Nosferatu (Review)

Review

Rating: 2.5 out of 5.

Director: Robert Eggers
Starring: Bill Skarsgård, Nicholas Hoult, Lily-Rose Depp, Aaron Taylor-Johnson, Emma Corrin, Willem Dafoe
Certificate: 15
Run Time: 132 mins

Nosferatu is the new Robert Eggers film, one of the most exciting auteurs working today whose made a name for himself with thoroughly well-researched, period-correct films, with authentic scripts and stunning visuals. I loved The Witch, his fearsomely original and unsettling folk horror debut. I admired but didn’t love his next films – The Lighthouse and The Northman. A remake of F. W. Murnau’s 1922 German Expressionist silent film, Eggers has long-publicised his adoration for the blood-thirsty vampire tale and was originally going to make it after The Witch before deciding to delay its production to get it right.

If you’re familiar with the original, or Bram Stoker’s Dracula, then there’s no surprises story-wise. Nicholas Hoult and Lily-Rose Depp play the married Hutter couple, Thomas and Ellen, who live in Wisborg, Germany. Thomas is an aspiring estate agent, who is sent by Herr Knock (Simon McBurney) to travel to Transylvania’s Carpathian Mountains to sell a decrepit stately home to the reclusive Count Orlok (Bill Skarsgård). But Orlok has a more sinister motive.

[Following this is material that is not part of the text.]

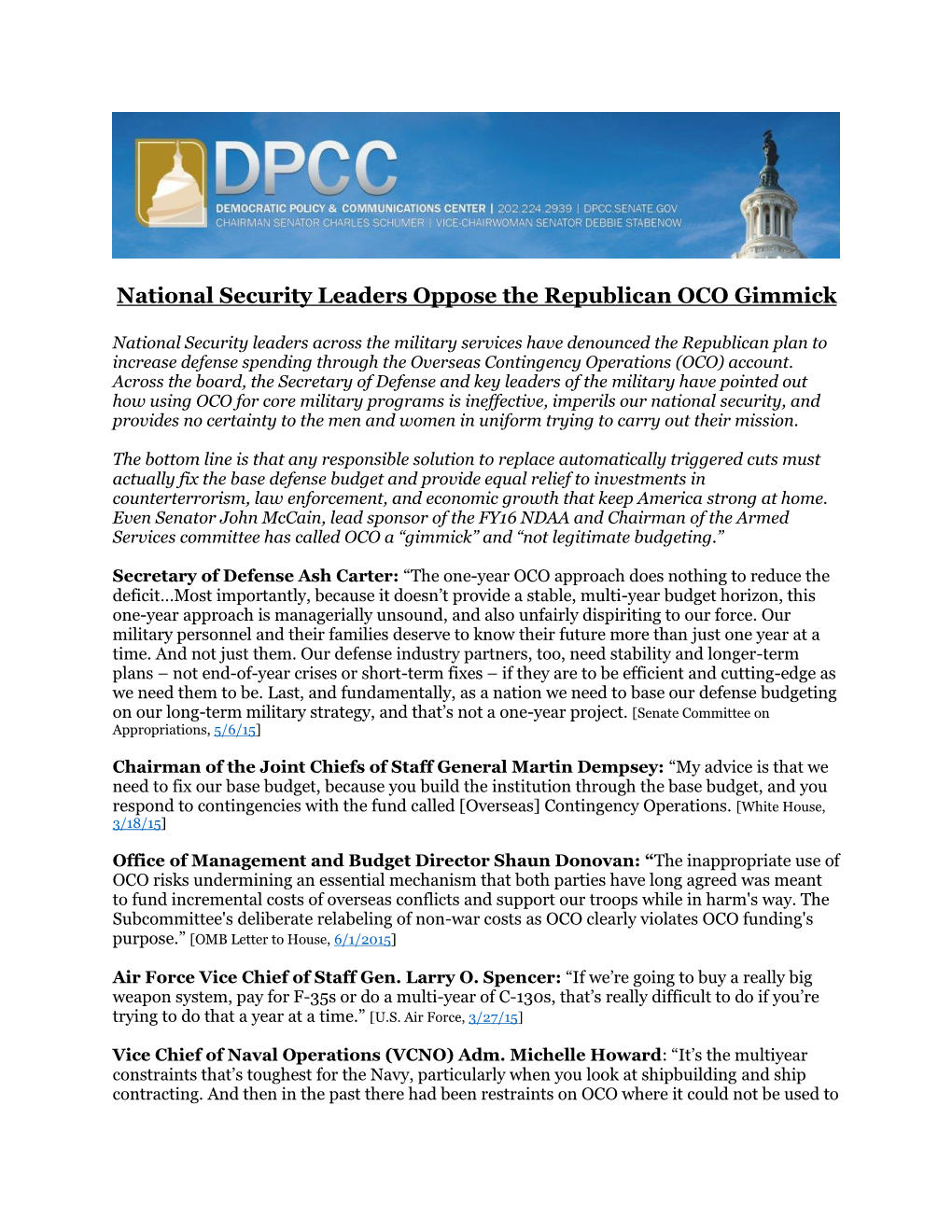 National Security Leaders Oppose the Republican OCO Gimmick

It pains me to say that Nosferatu is unfortunately a crushing disappointment and a case of style over substance. The style is undoubtedly the biggest positive, with the film beautifully shot Eggers’ favoured cinematographer Jarin Blaschke. Many of the visually arresting images are akin to paintings, with my two standouts a shot of a horse and rider traipsing their way through a forest in the twinkling night and a crepuscular figure’s decaying body over a sea of blood in a bed. The creature design of Count Orlok is also striking and a construction that only Eggers could dream of. After dazzling as Pennywise in It, the unrecognisable Bill Skarsgård stuns as the parasitic Orlok, with an unsettling voice he worked to lower by an octave for the role.  Robin Carolan’s swooning score is also brilliant, with recognisable and haunting themes developing as the film progresses.

Sadly, that’s where the positives end. Nosfetaru’s most significant problem is the utterly erratic pacing. Eggers races through the first hour and fails to establish the ensemble cast or convey how epic the journey is to Transylvania. This was something Werner Herzog excelled at in his Klaus Kinski-fronted 1979 remake, Nosferatu the Vampyre, with beautiful images of the dangerous, mountainous terrain the estate agent exhaustedly travels through to reach the isolated castle. The local Romani community who plead with Thomas not to continue with his quest are glossed over and there’s a real lack of tension between Thomas and Orlok, with Eggers impatient to bring the vampire back to Germany. The voyage back on the ghost ship is also rushed and once the film’s back on German soil, Orlok’s invasive hold over the town is protracted. What’s most peculiar is that Herzog’s 1979 remake also suffers from a languorous pace but Eggers’ film has the advantage of being half an hour longer but fails to develop a sense of dread or tension. 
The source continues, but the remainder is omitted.